Engineering Programs must demonstrate that their graduates have:
- An ability to apply knowledge of mathematics, science, and engineering.
Here you might describe:
- Your understanding of the solutions of second order differential equations encountered in your study of quantum physics or chemistry.
- Your use of differential calculus to minimize or maximize the value of a physical quantity such as the energy of a system, the stress on a beam.
- The application of your understanding of solid state structures in solving a problem in a mechanical engineering course or project.
- Your ability to use scientific process or ways of thinking in your approach to problems.
- Your ability to create an engineering design to solve a problem with physical, chemical, or biological components.
- Your ability to write clear and grammatically correct documents resulting from your experience in a humanities course.
- An ability to design and conduct experiments, as well as to analyze and interpret data.
Relevant to this outcome are your experiences in: - Laboratory courses.
- MQPs, PQPs, or course projects involving data collection.
- Social science courses, where statistical analysis is crucial.
- Your choice to learn the use of a spreadsheet software package during a course, project, or other activity requiring the manipulation of numbers and visual presentation of results.
- Experiments designed and conducted of your own volition.
- An ability to design a system, component, or process to meet desired needs.
Relevant to this outcome are your experiences in: - Your freshman orientation project.
- Engineering design courses.
- Laboratory courses in which you have participated in a novel or unusual solution to an experimental problem.
- Laboratory courses or experience in which you have designed an experimental procedure and carried it out.
- Committee work in which you participated in developing and/or streamlining a procedure to accomplish a needed task.
- Work on a set crew for a theatre production.
- An ability to function on multidisciplinary teams.
Relevant to this outcome are your experiences: - On campus committees.
- In project groups, either in courses, your IQP, or your MQP.
- In student groups formed as part of courses taught via cooperative learning.
- In extracurricular activities (such as theatre productions in which you participate, membership on varsity or intramural sports teams, or membership in vocal groups or church groups).
- Your design experience during freshman orientation.
- An ability to identify, formulate, and solve (engineering) problems.
Relevant to this outcome are experiences such as: - The design project that you carried out during new student orientation.
- A design project carried out in an engineering course or MQP.
- An improved chemical synthesis for a particular target substance.
- A proof of a mathematical theorem accomplished in a course or project.
- A software package that accomplishes a desired end.
- A website that accomplishes a teaching, organizational, presentation, or dissemination goal.
- Your development of a Sufficiency theme.

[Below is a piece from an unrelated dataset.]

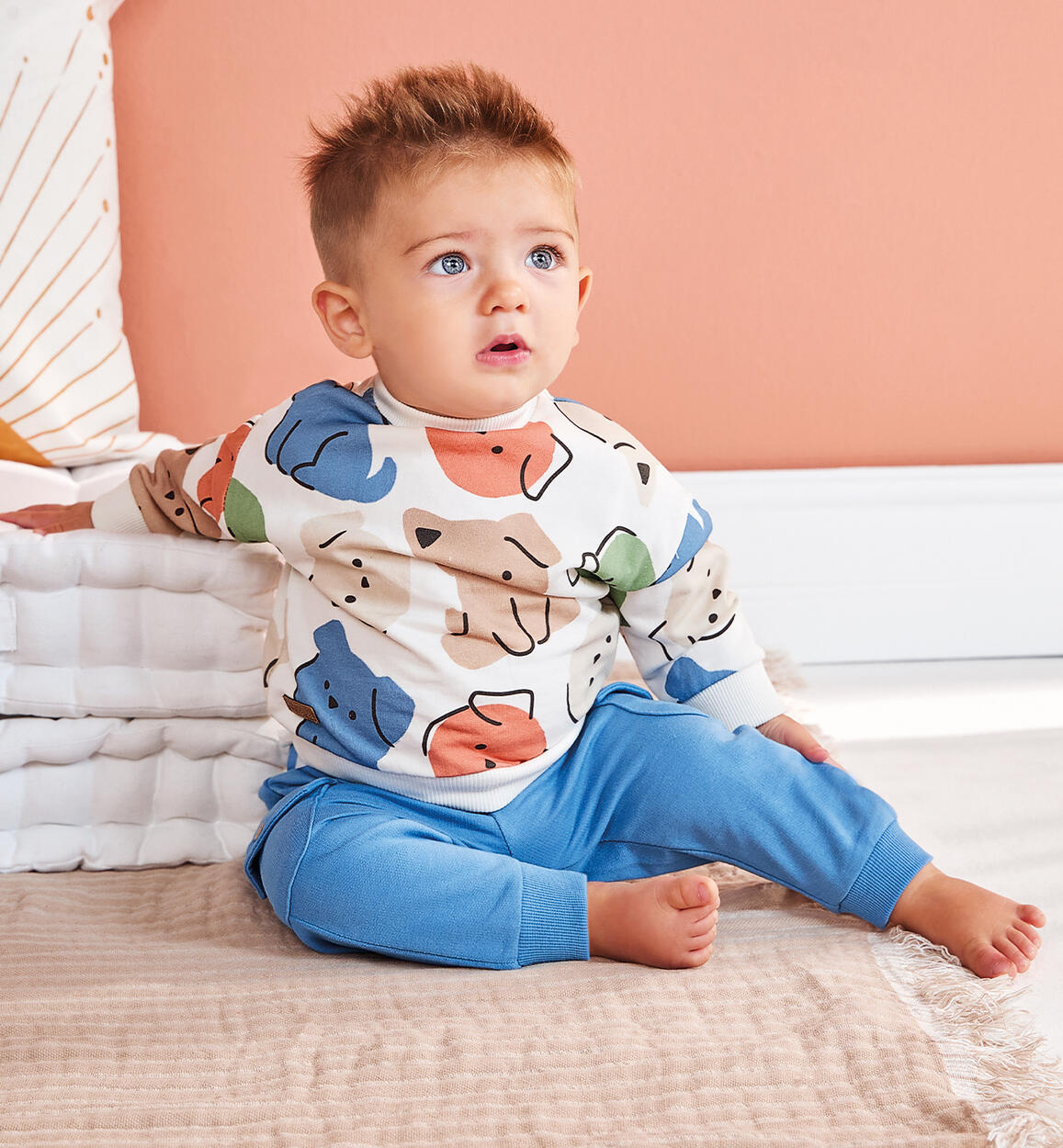 Felpa bimbo Minibanda BEIGE Minibanda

A good example here is the recent invention by an MIT graduate student of an instrument for more effectively carrying out non-invasive surgery. He identified a problem in the medical profession (less than optimal equipment for an extremely important application); conceived an instrument design; and constructed an instrument that functions superbly and will probably revolutionize noninvasive surgery. - An understanding of professional and ethical responsibility.
Relevant to this outcome, you might describe in your own words your excercise of professional responsibility with respect to: - Regularly attending class.

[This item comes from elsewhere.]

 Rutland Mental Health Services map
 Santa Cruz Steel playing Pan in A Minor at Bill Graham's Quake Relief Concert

- Completing all homework assignments for a course, whether or not these are collected and graded.
- Preparing fully for a class, a meeting, a group project session.
- Informing people in advance if you are unable to make a scheduled appointment.
- Conducting yourself in a mature, safe, and appropriate manner in any campus setting.
With respect to ethical aspects, you might discuss: - An incident in which you were tempted to cheat, or did cheat, on an assignment or test assessment.
- A situation in which you or a member of a group involving you habitually functioned below expectation and profited undeservedly from the other members' efforts.
- Plagiarism.
- Dry-labbing.
- Disruptive or abusive classroom behavior.
- "Manufacturing" data.
- Your experiences in an ethics course.
- An ability to communicate effectively.
Relevant to this outcome are experiences and/or artifacts that might include: - A writing, speaking, or drama course.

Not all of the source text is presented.